Q&A with Olha Yarema-Wynar, conservator at the Metropolitan Museum of Art.
How long have you been at the Met?
As of this June, I’ve been here for 20 years. I first came to New York with an invitation from the Ukrainian Museum, and people there took me to the Cloisters. When I saw the collection, I knew I wanted to work with it. Shortly thereafter, I noticed that the new head of the textile department was from Romania and had received an education similar to the one I received in Ukraine. I showed her my portfolio, and she hired me to work on a tapestry project.
What does your role as a textile conservator entail?

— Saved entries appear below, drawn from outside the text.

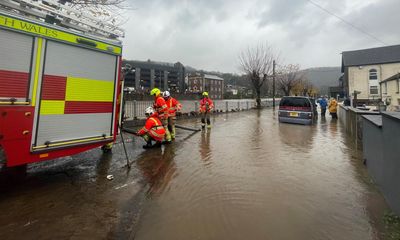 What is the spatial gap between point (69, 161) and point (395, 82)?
137ft

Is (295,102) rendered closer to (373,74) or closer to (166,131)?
(166,131)

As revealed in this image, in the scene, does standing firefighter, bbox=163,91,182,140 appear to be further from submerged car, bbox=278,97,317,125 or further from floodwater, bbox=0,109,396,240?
submerged car, bbox=278,97,317,125

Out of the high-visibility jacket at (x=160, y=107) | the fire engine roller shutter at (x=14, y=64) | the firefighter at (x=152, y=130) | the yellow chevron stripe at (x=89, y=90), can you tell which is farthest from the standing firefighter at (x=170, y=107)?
the fire engine roller shutter at (x=14, y=64)

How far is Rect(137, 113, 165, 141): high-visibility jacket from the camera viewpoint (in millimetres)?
7508

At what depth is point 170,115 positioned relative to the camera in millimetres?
9070

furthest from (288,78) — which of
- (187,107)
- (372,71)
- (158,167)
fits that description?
(158,167)

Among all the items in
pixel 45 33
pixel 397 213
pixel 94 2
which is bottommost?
pixel 397 213

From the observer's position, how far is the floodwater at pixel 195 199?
10.2ft

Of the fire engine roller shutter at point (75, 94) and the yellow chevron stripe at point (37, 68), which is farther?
the fire engine roller shutter at point (75, 94)

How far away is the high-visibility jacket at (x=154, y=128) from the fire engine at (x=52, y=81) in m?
2.01

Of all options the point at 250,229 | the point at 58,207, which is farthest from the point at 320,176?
the point at 58,207

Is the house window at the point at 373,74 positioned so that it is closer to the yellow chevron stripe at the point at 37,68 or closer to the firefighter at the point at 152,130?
the firefighter at the point at 152,130

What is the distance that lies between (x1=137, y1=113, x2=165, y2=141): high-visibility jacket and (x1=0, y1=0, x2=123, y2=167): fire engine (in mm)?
2011

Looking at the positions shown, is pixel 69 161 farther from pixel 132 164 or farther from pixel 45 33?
pixel 45 33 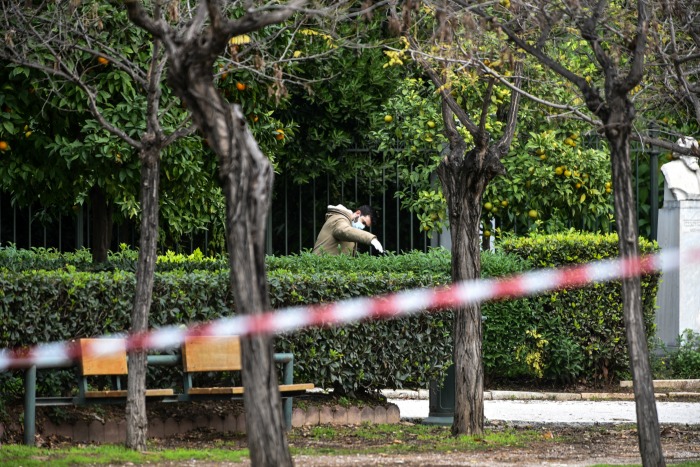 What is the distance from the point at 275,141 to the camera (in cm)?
1348

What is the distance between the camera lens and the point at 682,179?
16.7m

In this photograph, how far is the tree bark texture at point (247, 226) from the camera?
5816mm

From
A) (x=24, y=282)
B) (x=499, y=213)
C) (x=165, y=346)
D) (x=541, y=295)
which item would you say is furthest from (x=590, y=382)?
(x=24, y=282)

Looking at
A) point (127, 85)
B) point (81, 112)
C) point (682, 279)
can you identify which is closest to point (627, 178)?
point (127, 85)

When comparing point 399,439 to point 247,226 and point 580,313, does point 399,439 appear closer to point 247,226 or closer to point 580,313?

I’m a tapestry liaison between the Departments of Arms and Armor, and European Sculpture and Decorative Arts. I oversee the tapestries in both departments, which are very different. I determine if conservation or preservation work is necessary for each tapestry. I prepare the works for exhibitions, rotations, and loans. As a team, all the conservators monitor environmental conditions in the galleries, and annually we closely examine the condition of the tapestries by checking for insects and cleaning accumulated dust. Additionally, I teach young professional colleagues and work with fellows and interns to pass along experience and knowledge.
Tell me about your involvement in the exhibition “The Tudors: Art and Majesty in Renaissance England” [on view through January 8, 2023].

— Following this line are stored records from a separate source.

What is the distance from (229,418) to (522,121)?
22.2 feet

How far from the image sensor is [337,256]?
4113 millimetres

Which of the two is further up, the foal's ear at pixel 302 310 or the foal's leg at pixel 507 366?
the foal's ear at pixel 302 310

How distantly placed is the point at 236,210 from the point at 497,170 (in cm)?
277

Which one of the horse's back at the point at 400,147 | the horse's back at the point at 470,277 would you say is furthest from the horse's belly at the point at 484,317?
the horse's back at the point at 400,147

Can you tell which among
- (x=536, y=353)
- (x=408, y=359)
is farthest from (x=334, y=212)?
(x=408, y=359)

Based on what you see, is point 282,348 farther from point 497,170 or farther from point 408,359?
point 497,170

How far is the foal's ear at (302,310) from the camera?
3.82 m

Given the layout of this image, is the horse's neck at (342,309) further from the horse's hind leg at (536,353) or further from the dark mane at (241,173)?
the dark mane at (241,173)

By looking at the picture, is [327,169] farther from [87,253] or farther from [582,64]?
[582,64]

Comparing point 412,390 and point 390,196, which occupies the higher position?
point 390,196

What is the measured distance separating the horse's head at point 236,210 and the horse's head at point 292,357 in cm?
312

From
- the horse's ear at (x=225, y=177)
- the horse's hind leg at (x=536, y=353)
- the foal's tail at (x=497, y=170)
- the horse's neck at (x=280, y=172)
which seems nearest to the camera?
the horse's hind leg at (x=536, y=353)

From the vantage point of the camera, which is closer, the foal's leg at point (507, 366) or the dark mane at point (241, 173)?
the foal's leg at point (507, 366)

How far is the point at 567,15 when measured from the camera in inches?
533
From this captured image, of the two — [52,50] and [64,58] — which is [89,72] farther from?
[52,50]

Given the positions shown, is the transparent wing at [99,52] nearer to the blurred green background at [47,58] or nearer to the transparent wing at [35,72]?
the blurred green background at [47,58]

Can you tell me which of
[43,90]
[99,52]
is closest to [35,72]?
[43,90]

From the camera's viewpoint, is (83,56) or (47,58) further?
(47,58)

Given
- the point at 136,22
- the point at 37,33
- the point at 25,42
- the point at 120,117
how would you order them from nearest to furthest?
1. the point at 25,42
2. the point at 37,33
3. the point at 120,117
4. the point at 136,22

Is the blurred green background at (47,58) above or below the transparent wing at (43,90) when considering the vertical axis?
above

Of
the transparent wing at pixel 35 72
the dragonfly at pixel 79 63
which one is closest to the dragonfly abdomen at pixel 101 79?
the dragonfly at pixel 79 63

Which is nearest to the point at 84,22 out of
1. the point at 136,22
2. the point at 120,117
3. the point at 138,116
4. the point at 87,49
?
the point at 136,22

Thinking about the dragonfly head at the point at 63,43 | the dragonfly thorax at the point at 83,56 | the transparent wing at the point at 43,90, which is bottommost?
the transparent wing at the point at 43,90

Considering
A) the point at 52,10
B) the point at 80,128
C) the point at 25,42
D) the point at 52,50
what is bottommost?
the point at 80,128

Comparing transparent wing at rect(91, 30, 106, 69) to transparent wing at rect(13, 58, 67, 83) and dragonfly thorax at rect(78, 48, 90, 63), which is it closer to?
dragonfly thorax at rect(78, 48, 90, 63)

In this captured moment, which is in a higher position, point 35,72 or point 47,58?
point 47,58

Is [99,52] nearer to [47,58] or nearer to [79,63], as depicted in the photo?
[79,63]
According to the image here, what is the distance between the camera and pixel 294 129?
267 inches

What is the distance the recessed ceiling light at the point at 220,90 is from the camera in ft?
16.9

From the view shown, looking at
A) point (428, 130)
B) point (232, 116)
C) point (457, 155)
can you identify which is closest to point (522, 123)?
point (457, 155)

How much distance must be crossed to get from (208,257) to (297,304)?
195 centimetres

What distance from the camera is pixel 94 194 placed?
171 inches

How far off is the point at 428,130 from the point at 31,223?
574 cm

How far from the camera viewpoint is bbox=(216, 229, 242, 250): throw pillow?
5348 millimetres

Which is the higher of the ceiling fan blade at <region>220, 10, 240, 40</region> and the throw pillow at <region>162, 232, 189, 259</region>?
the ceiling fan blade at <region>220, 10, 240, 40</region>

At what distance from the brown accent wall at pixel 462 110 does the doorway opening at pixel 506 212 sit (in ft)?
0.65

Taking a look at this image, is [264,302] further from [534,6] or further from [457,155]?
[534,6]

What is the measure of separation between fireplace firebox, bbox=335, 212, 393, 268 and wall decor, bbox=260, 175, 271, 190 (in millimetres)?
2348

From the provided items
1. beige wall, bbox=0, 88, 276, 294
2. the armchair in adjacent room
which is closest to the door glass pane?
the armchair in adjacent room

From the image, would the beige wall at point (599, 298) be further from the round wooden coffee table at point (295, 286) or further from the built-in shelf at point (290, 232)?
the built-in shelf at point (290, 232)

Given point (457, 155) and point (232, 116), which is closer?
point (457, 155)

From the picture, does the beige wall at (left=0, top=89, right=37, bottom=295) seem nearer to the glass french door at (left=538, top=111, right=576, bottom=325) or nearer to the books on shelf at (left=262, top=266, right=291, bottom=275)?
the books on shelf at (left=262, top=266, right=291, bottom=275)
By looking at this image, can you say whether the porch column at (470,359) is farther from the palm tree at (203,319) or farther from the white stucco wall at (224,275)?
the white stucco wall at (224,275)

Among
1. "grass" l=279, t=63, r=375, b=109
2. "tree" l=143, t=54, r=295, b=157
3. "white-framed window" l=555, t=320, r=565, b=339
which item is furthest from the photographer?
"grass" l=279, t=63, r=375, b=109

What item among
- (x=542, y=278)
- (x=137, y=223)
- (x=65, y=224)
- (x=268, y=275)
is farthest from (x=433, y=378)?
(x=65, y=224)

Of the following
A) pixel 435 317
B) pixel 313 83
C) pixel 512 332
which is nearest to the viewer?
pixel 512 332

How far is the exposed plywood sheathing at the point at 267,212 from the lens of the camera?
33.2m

Along with my manager, I’m involved with documentation, interdepartmental communication, coordination with lending institutions, conservation treatments, and specification requirements for installation. Our team has developed many methods over time, but installing tapestries is tricky because they’re often large and heavy. It’s a big responsibility, and we want the works to be safe.
The exhibition’s cocurator, Elizabeth Cleland, chose two tapestries from our collections to be displayed. One of them is the Lewknor Table Carpet  from the European Sculpture and Decorative Arts collection. And the other is Andromache and Priam Urging Hector Not to Go to War (from Scenes from the Story of the Trojan War) [ca. 1470–90] from the Medieval Department.

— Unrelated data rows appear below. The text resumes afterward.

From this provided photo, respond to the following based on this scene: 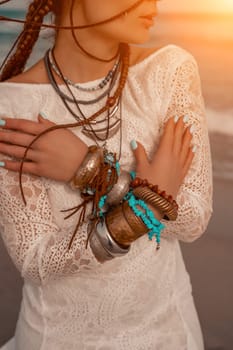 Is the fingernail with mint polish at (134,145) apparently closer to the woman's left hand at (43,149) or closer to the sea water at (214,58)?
the woman's left hand at (43,149)

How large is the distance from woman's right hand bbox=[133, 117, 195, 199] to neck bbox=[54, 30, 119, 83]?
149 millimetres

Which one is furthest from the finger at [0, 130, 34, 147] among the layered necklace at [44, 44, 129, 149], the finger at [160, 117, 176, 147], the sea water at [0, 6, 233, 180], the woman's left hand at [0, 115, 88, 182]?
the sea water at [0, 6, 233, 180]

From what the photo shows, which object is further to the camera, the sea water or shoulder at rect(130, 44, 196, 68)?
the sea water

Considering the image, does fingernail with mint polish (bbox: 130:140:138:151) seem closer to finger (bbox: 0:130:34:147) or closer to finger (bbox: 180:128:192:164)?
finger (bbox: 180:128:192:164)

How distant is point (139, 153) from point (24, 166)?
0.19 m

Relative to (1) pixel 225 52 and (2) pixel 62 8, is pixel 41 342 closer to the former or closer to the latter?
(2) pixel 62 8

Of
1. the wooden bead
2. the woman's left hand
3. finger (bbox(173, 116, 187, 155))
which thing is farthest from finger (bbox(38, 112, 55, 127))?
finger (bbox(173, 116, 187, 155))

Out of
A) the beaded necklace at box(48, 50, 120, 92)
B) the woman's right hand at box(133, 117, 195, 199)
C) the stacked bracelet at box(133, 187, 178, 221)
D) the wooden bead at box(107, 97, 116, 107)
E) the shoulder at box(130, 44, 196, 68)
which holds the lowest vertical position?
the stacked bracelet at box(133, 187, 178, 221)

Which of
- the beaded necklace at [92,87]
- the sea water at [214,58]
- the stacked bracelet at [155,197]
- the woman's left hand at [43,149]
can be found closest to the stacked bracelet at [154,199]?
the stacked bracelet at [155,197]

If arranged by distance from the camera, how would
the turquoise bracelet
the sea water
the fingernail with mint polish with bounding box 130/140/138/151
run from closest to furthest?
the turquoise bracelet
the fingernail with mint polish with bounding box 130/140/138/151
the sea water

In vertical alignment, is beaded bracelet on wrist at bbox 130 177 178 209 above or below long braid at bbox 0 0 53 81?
below

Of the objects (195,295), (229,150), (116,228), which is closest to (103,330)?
(116,228)

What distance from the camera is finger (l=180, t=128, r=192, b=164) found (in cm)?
97

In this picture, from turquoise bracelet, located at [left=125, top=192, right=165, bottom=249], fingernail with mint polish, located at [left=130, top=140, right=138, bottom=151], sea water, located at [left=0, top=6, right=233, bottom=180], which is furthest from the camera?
sea water, located at [left=0, top=6, right=233, bottom=180] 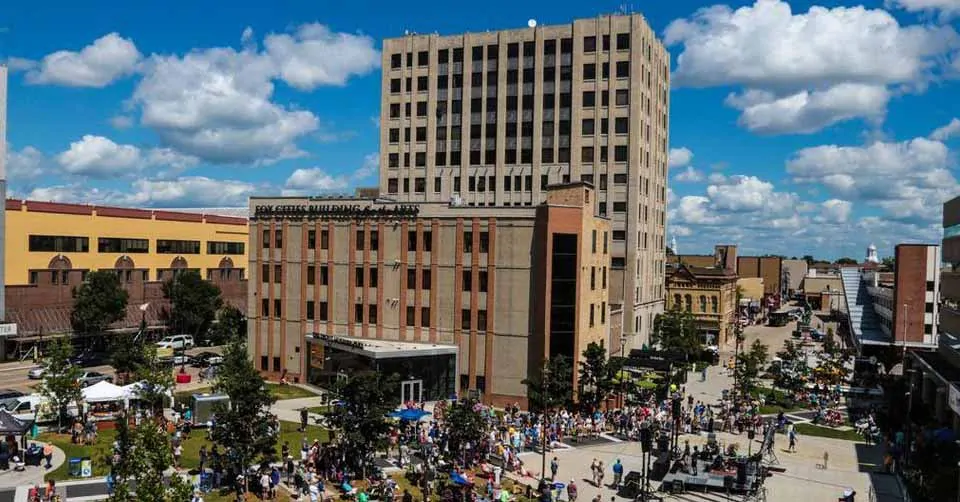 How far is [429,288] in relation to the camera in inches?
2264

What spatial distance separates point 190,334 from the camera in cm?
8588

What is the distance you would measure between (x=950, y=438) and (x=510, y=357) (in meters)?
27.2

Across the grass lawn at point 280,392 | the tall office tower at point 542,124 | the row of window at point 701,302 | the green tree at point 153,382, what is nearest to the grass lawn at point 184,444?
the green tree at point 153,382

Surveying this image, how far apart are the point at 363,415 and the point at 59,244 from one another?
185 feet

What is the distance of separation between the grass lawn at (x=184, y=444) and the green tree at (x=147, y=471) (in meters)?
9.76

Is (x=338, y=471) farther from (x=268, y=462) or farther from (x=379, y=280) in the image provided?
(x=379, y=280)

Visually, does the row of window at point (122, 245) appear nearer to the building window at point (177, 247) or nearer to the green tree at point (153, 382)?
the building window at point (177, 247)

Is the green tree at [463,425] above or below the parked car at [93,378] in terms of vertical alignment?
above

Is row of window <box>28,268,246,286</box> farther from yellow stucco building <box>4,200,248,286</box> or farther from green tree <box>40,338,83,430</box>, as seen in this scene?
green tree <box>40,338,83,430</box>

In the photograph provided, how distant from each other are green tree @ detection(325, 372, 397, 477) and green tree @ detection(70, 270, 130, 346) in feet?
152

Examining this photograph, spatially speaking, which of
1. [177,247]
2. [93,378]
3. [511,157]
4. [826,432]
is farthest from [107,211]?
[826,432]

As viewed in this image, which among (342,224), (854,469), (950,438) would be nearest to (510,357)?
(342,224)

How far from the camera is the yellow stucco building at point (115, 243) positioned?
73.9m

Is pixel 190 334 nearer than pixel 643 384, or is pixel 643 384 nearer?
pixel 643 384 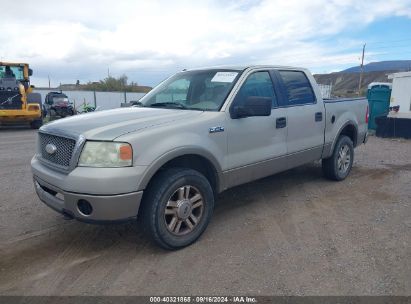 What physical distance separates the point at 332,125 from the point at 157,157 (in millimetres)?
3490

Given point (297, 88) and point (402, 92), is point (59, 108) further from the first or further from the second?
point (297, 88)

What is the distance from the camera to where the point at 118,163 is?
3125 millimetres

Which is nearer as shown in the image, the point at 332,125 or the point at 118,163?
the point at 118,163

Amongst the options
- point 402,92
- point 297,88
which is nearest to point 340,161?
point 297,88

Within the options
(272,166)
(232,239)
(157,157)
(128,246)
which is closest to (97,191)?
(157,157)

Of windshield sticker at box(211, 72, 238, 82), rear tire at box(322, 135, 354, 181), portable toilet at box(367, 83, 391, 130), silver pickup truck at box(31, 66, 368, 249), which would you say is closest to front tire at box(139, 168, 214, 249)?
silver pickup truck at box(31, 66, 368, 249)

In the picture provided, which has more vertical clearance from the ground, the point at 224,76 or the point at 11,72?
the point at 11,72

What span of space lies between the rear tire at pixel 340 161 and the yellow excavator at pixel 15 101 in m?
13.2

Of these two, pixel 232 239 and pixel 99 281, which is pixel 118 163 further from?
pixel 232 239

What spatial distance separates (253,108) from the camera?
3.86m

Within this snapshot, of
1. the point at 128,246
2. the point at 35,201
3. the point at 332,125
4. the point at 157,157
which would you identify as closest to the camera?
the point at 157,157

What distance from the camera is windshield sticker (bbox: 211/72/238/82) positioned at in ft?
14.1

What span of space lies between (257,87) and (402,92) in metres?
12.6

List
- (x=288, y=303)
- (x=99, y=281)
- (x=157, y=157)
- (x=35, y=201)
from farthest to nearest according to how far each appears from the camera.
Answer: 1. (x=35, y=201)
2. (x=157, y=157)
3. (x=99, y=281)
4. (x=288, y=303)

How did you prepare these textiles for the show?
The table carpet is a beautiful weaving. I enjoyed the challenge of working on it, because it’s a rare and very thin table cover. We had to wet-clean it, then stabilize areas with silk, and join slits or openings between the weavings. We also added lining on the reverse side to protect the fabric from dust. For the show, the carpet will be displayed as a table cover. After that, however, it will be shown in the British galleries on the wall.
The second tapestry’s colors are well preserved, but we had to join some slits, and add silk to weak spots and areas where it was missing. Then we attached narrow strips of fabric, called strapping, which will distribute the weight evenly when the piece is hung, and covered it with a lining and attached Velcro for hanging.
What is most rewarding about your job?
Conservation can be very complex and challenging, and you have to individually address each object’s needs. It’s always a pleasure to oversee an object from start to finish, with a successful finished piece hanging on the wall. The Met has some incredible objects in our collections. Working on these pieces to preserve them for future generations has been wonderfully gratifying.
What are some of the biggest challenges facing you in your job right now?
I wish I had more time to work and to help. I’m Ukrainian, and, in 2017, I became a Fulbright Specialist, participating in lectures and workshops throughout the country. When war broke out with Russia, I received a lot of outreach. With the support of my department, we recorded videos on how to quickly pack and preserve collections, then sent them to Ukrainian museums. It was not only helpful to them, but very rewarding for us. Our effort was not just about preserving Ukrainian heritage, but [also] saving artifacts of cultural importance that belong to all of us.